A picture-free, exact reproduction of the listing that follows is required.

Content starts

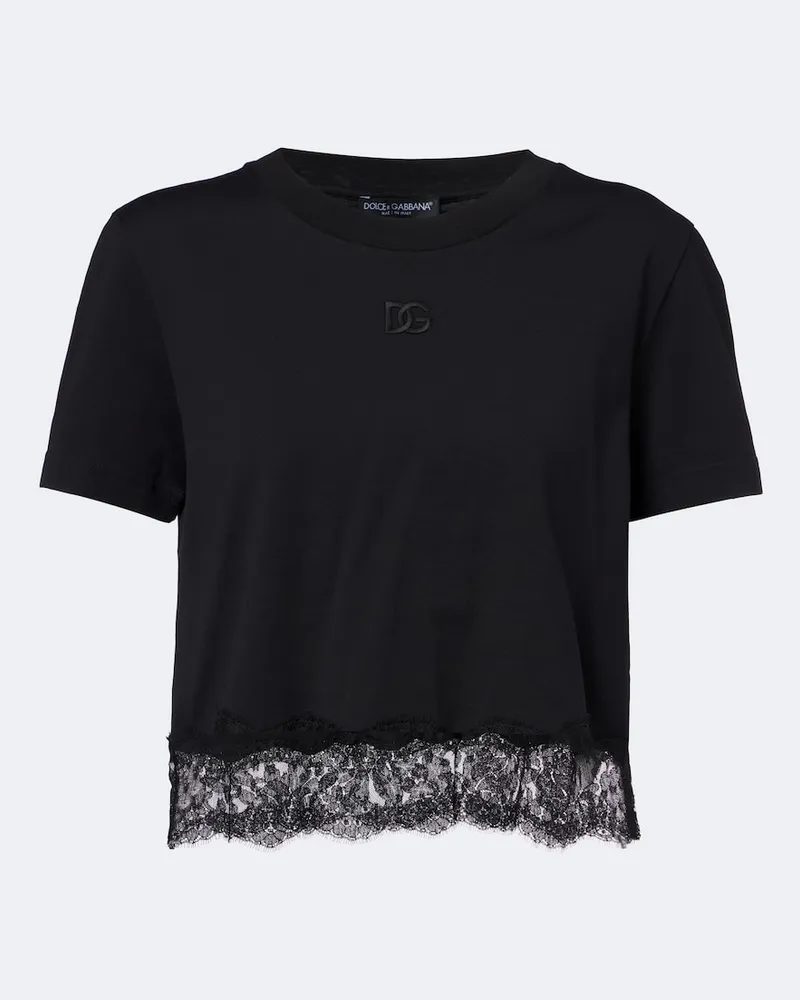 Dolce & Gabbana T-shirt in misto cotone con pizzo Nero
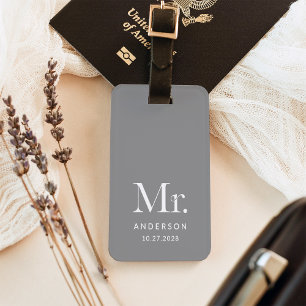 Étiquette À Bagage Luxe Elegance Grey   M. et Mariage Date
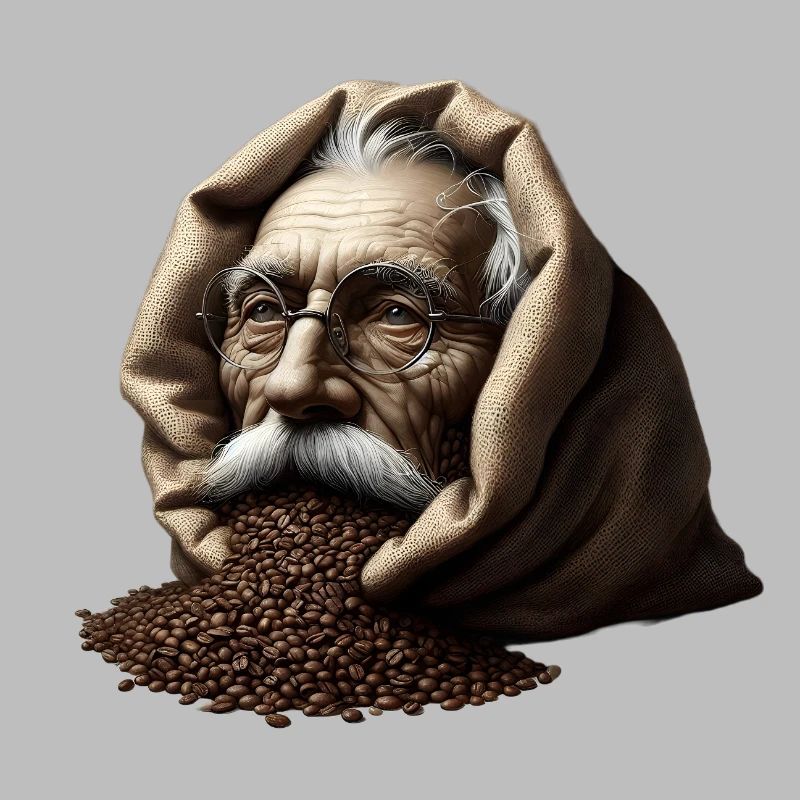 Mann in Kaffeebohnen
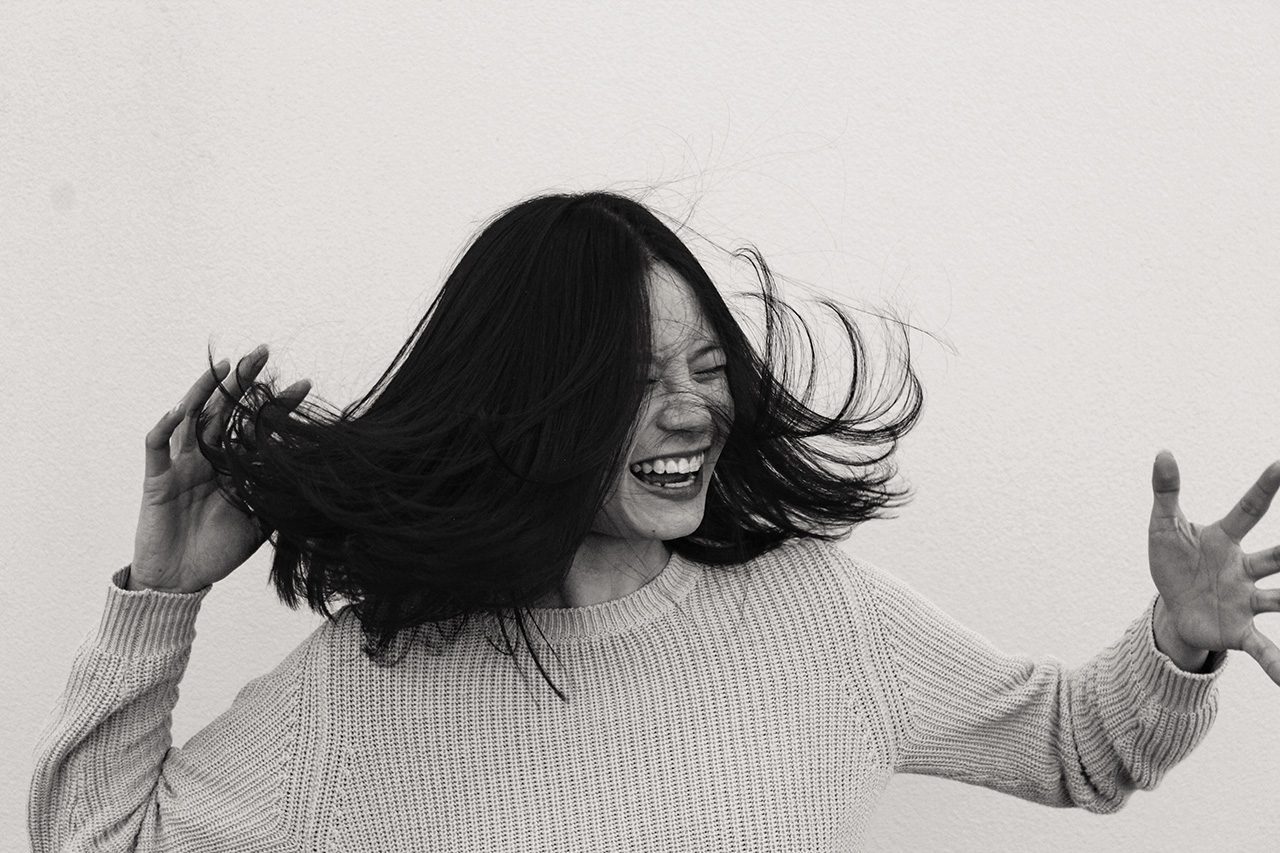 Woman animated and smiling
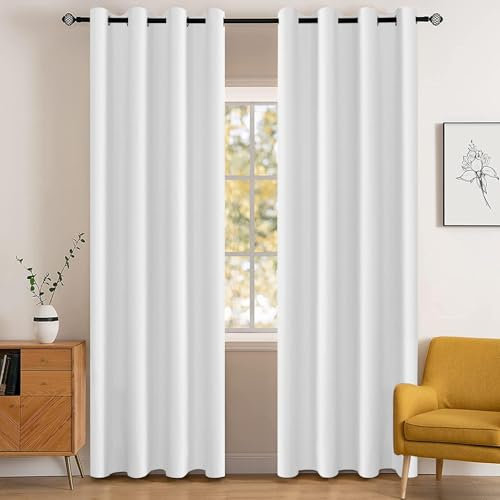 YSTELLAA Gardinen Vorhänge 2er Set, 117×137cm, Verdunklungsvorhänge Mit Ösen, Thermovorhang Kälteschutz Blickdicht, Schallschutz Vorhang Schlafzimmer, Outdoor Vorhang, Weiß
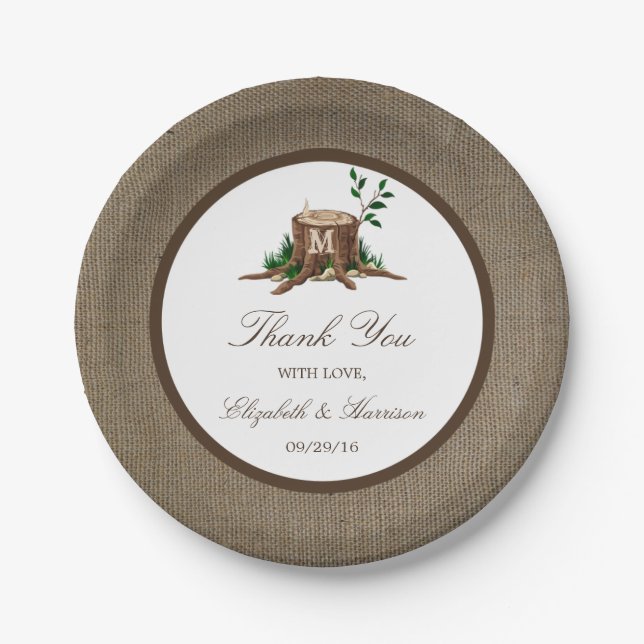 Country Rustic Monogram Tree & Burlap Wedding Paper Plate (Front)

Content ends

**TASK SOLUTION**
 Dolce & Gabbana T-shirt in misto cotone con pizzo Nero
 Étiquette À Bagage Luxe Elegance Grey   M. et Mariage Date
 Mann in Kaffeebohnen
 Woman animated and smiling
 YSTELLAA Gardinen Vorhänge 2er Set, 117×137cm, Verdunklungsvorhänge Mit Ösen, Thermovorhang Kälteschutz Blickdicht, Schallschutz Vorhang Schlafzimmer, Outdoor Vorhang, Weiß
 Country Rustic Monogram Tree & Burlap Wedding Paper Plate (Front)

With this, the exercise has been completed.